Anlaşılır şekilde, robot hizmetçilerimiz temel fiziğe dayanan karmaşık işler yapıyorlar. Bununla birlikte, van Pelt’in kitabı bu ezoterik inceliklerden uzak durur ve genelliği korur. Bazen değişken yerçekimi olan gezegenlerde yüksek asidik havuzlarda nasıl seyahat edileceğini varsaymak gibi ekzoteklere dalar. Ancak bunlar robotik tasarımdaki zorlukları ve gerekli esnekliği göstermeye hizmet eder. Ayrıca, 2006'nın başlarında bir yazı tarihi ile, Venüs Express ve Mars Landers dahil olmak üzere birçok güncel referans içeriyor. Ondan, okuyucu, robotların en yararlı bilgileri edinmesini sağlama çabalarını takdir edebilir.
van Pelt, bu damıtmayı, az sayıda özel terminolojiye sahip basit bir yazı stili kullanarak geliştirir. Bu nedenle, kitap gençler, genç yetişkinler ve genel ilgisi olanlar için çok uygundur. Ancak içerik, türümüzün yaptığı en şaşırtıcı keşiflerden bazılarıyla uğraştığından bahsetmiyor. Bunu kabul ederek, van Pelt bu keşiflerin adil bir tanımını yapar; başlıca yüzey özellikleri, halka yapıları ve asteroit bileşimi. Bununla birlikte, okuyucu, küçük mekanik asistanlarımızın yeteneği ve faydası hakkında şüphesiz kalacak.
Ancak bu kitabın zayıflığı, makinelerin sağlam bir şekilde değerlendirilmemesidir. Çevremizde, güncel ve aktif bir tartışma, insan mürettebatı uzay araştırmalarının değerini, yalnızca makinelere dayalı bir sosyal yardımla karşılaştırmaya çalışıyor. Kitapta buna referans yok. Apollo misyonlarından ve birçok robot başarısından bahsediyor, ancak hangisinin daha iyi olduğu veya gelecekte en çok neyin ödüllendirileceği konusunda değil. Bu zayıflık ikinciye yol açar. Kitap, uzay robotunun yakın geleceğini dikkate almıyor. Bugünün sondalarından atlıyor ve minyatür uçan sensör filolarının yabancı iklimleri taradığı bir geleceğe atlıyor.
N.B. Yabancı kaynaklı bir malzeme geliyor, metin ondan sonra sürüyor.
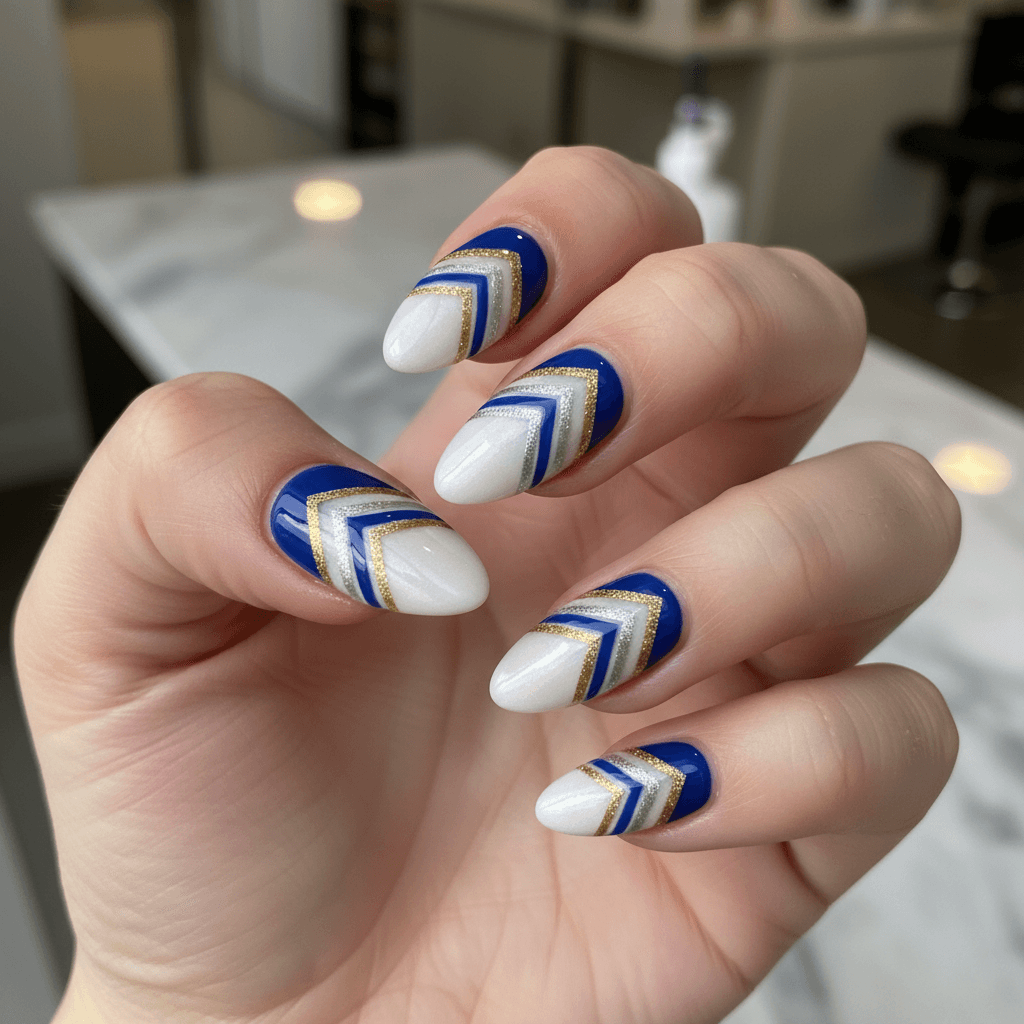 Stunning Photo-real Salon Chevron Nails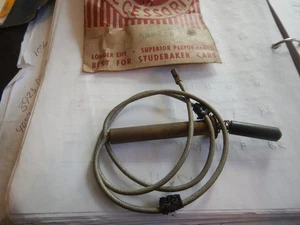 NOS 53 54 55 56 STUDEBAKER HAWK Horn Contact Cable Assembly 533468 w P/S - Picture 1 of 5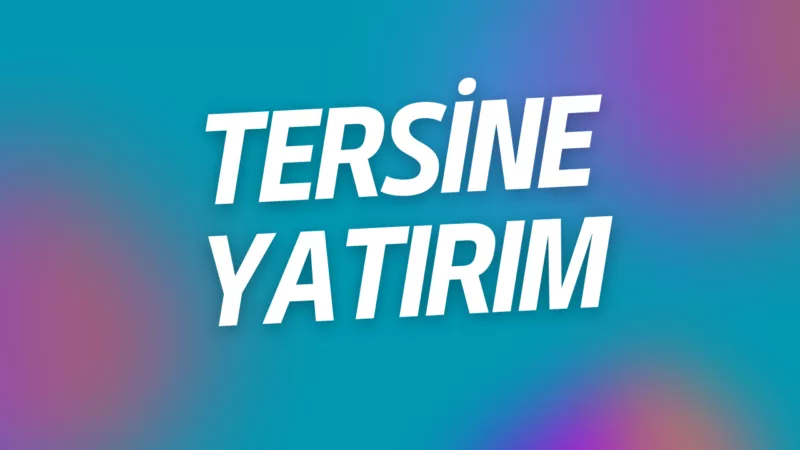 Tersine yatırım yapmak – birikim yapıyorum 495. gün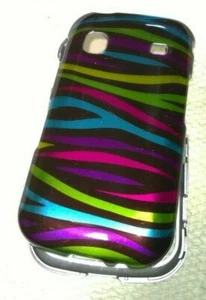 Samsung Repp SCH-R680 Hard Shell Colorful Zebra Print & Green Zebra Case Setof 2 - Picture 1 of 12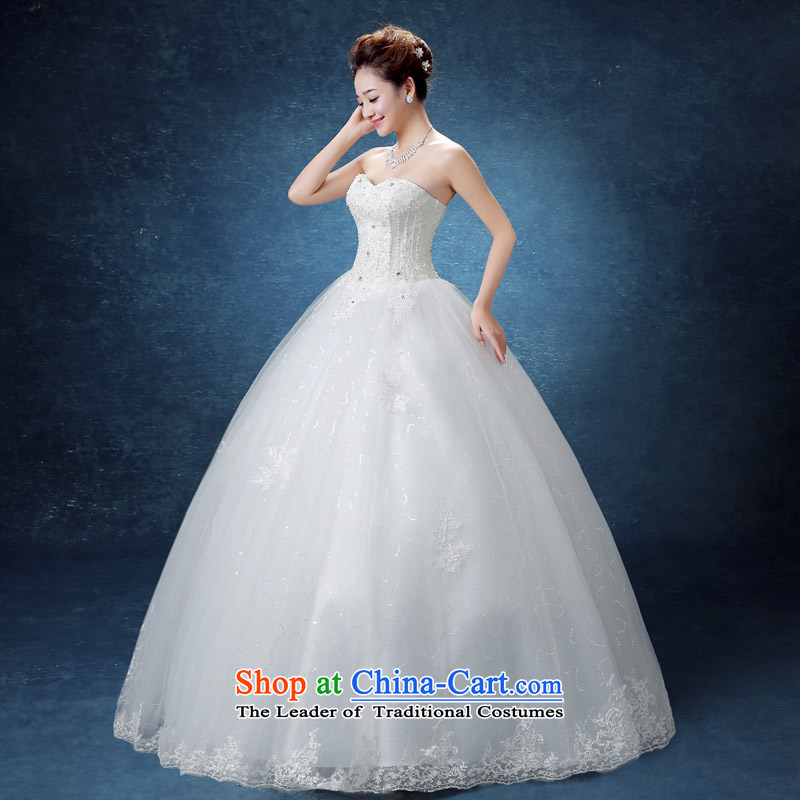 The knot true love Korean Style New 2015 wedding dresses alignment with chest marriages women pregnant women for larger thick MM video thin wedding summer pictures, price White XL, brand platters! The elections are supplied in the national character of distribution, so action, buy now enjoy more preferential! As soon as possible.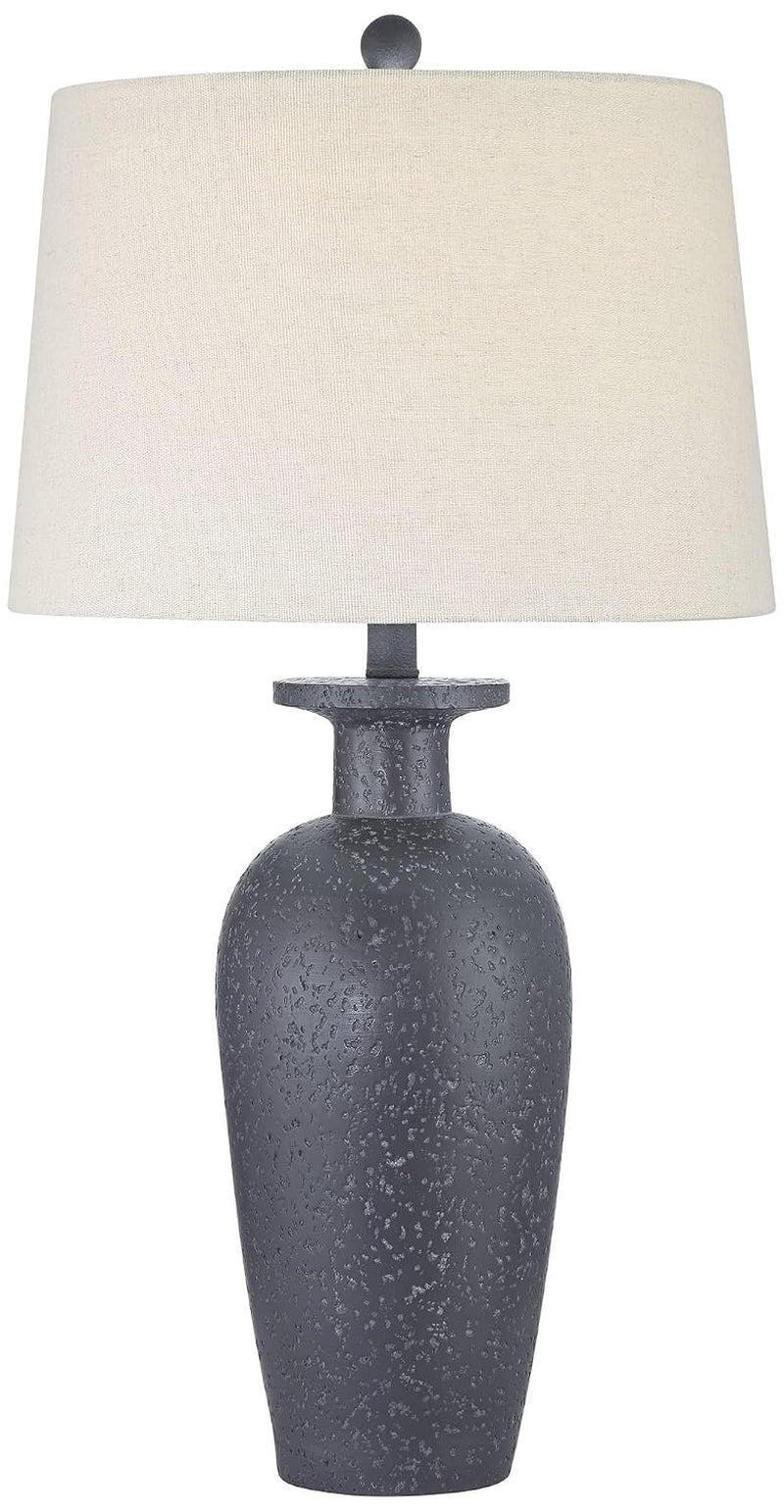 glenwood-28-tall-3-way-table-lamps-set-of-2-charcoal-gray-farmhouse-rustic-country-cottage-living-room-bedroom-bedside-nightstand-house-office-home-reading-kitchen-entryway-white-shade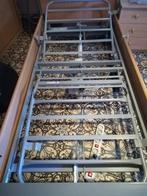 lit médicalisé, Huis en Inrichting, Slaapkamer | Bedden, Ophalen, Eenpersoons, Metaal, Grijs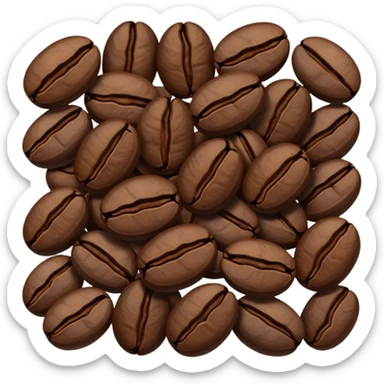 Coffee beans sticker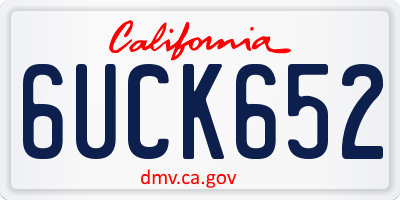 CA license plate 6UCK652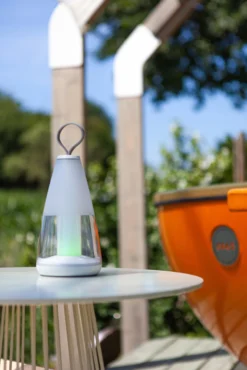 Lutec pepper oppladbar bordlampe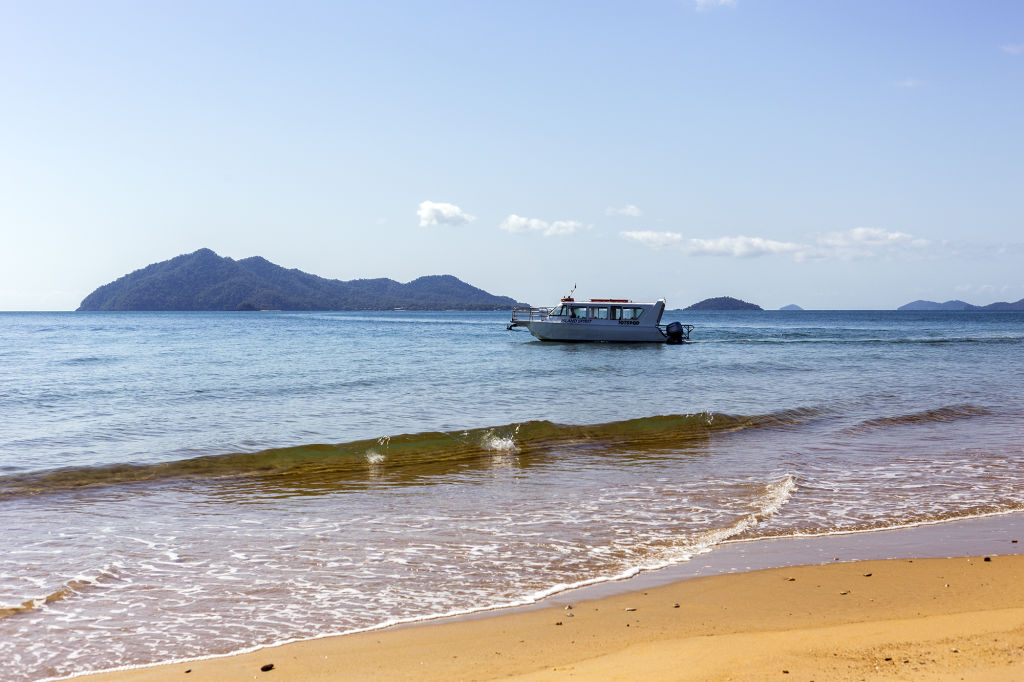 A water taxi heading out to Dunk Island. Photo: Jennifer Morton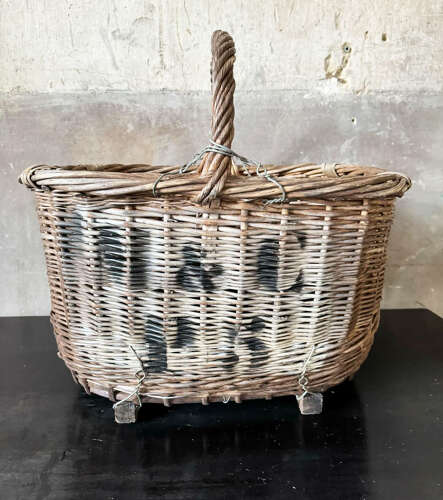 French Bottle Baskets from the Champagne area - circa 1920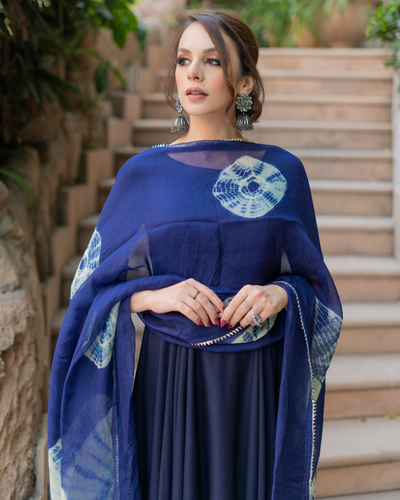 Blue Lupine Shibori Suit Set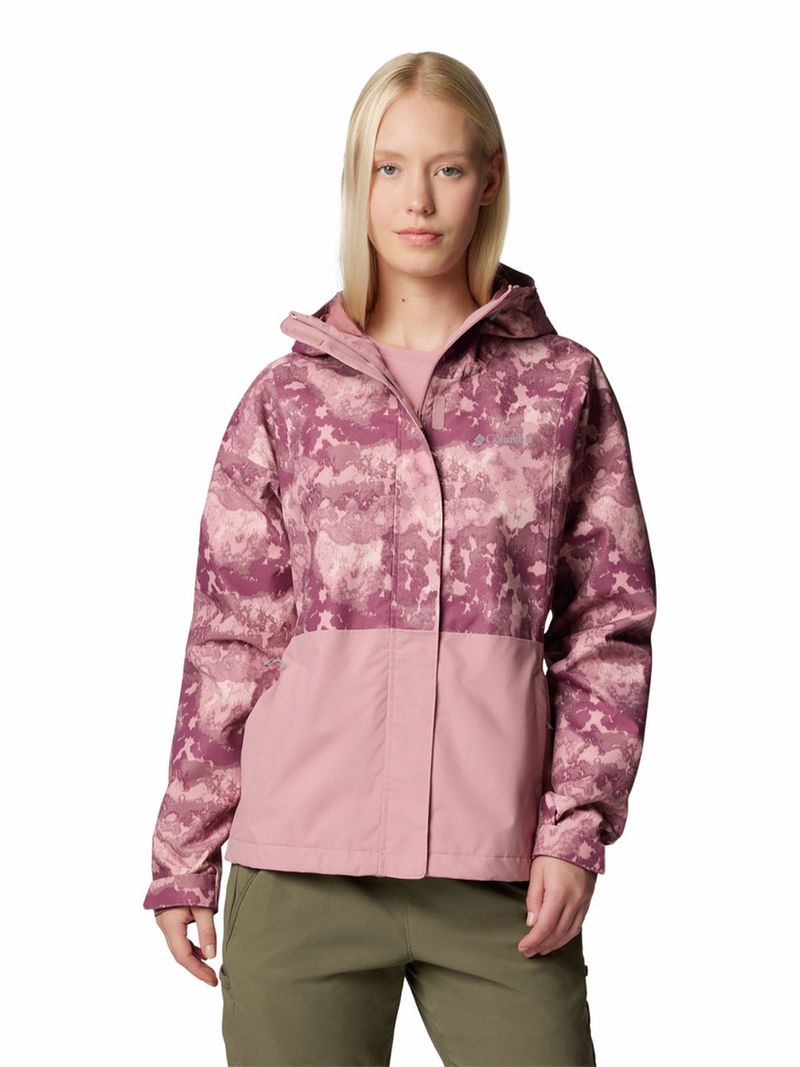 Cortaviento Mujer Hikebound Printed Rosado Columbia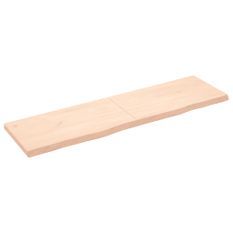 Étagère murale 180x50x(2-6) cm bois de chêne massif non traité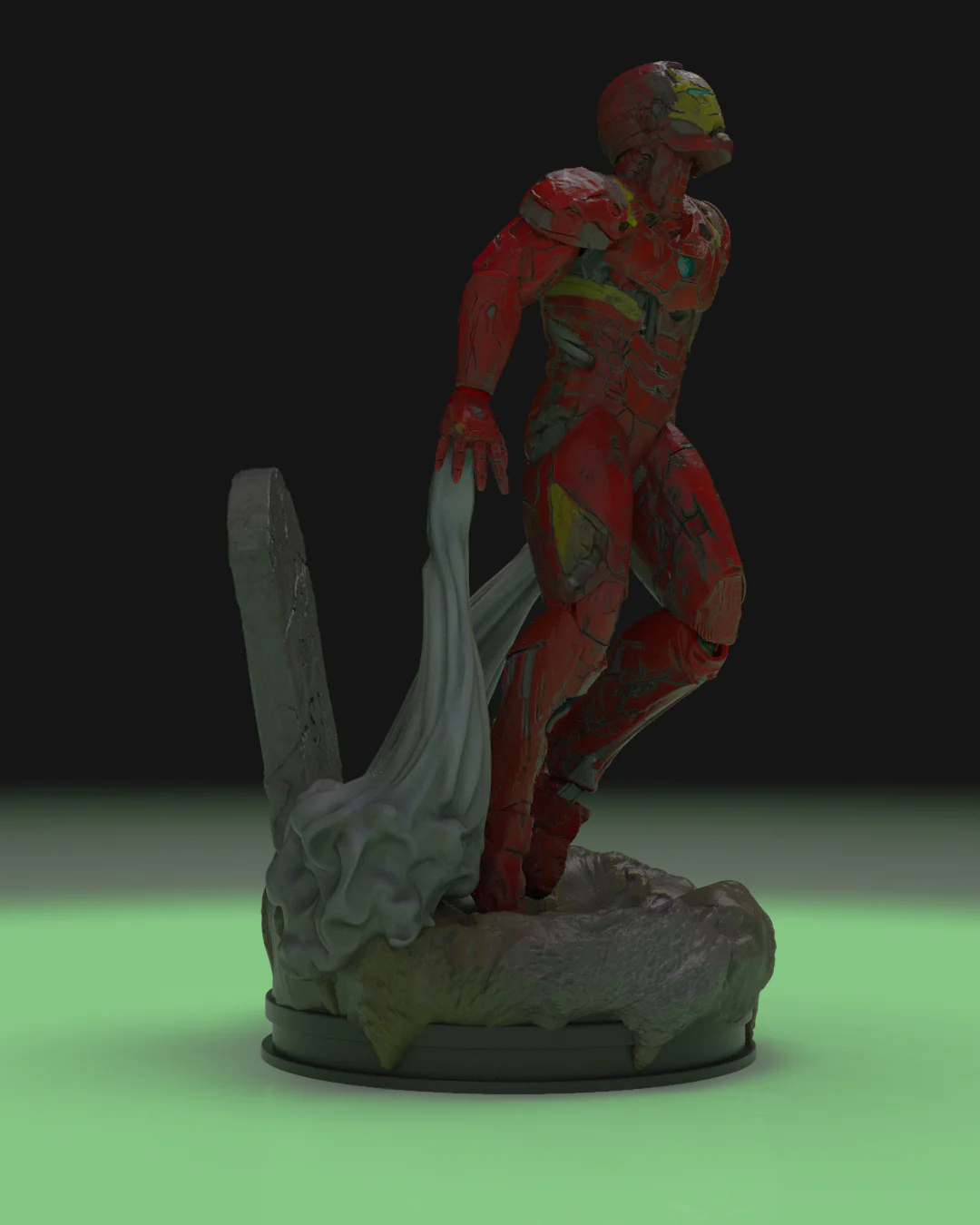 Zombie Iron Man stl - Image 4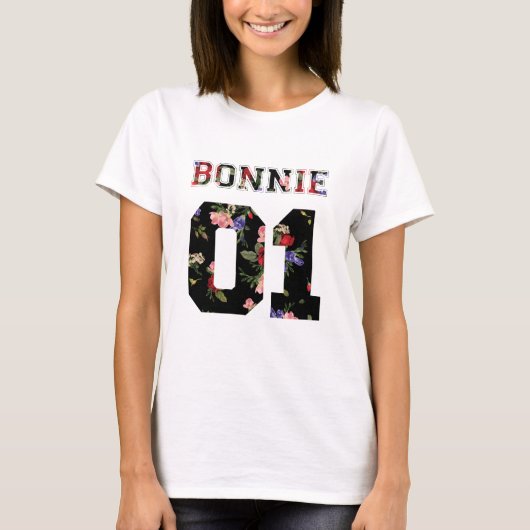 ボニーとクライドのシャツ Tシャツ (正面)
Bu nedenle, okuyucu, robotlarla ilgili bir belirsizlik denizine doğru bir başarı uçurumundan bakıyor.
Makinelerimizle yer işgal ediyoruz. Sensörleri bize sadece ziyaret etmeyi hayal edebileceğimiz yerlerin ilk elden hesaplarını veriyor. Michel van Pelt, Space Invaders - Robotik Uzay Aracı Güneş Sistemini Nasıl Keşfediyor adlı kitabında, bazı keşifleriyle birlikte bu makinelerin tasarım metodolojisini sağlıyor. Güneş sistemi boyunca işgalimizin başarısını gösterir.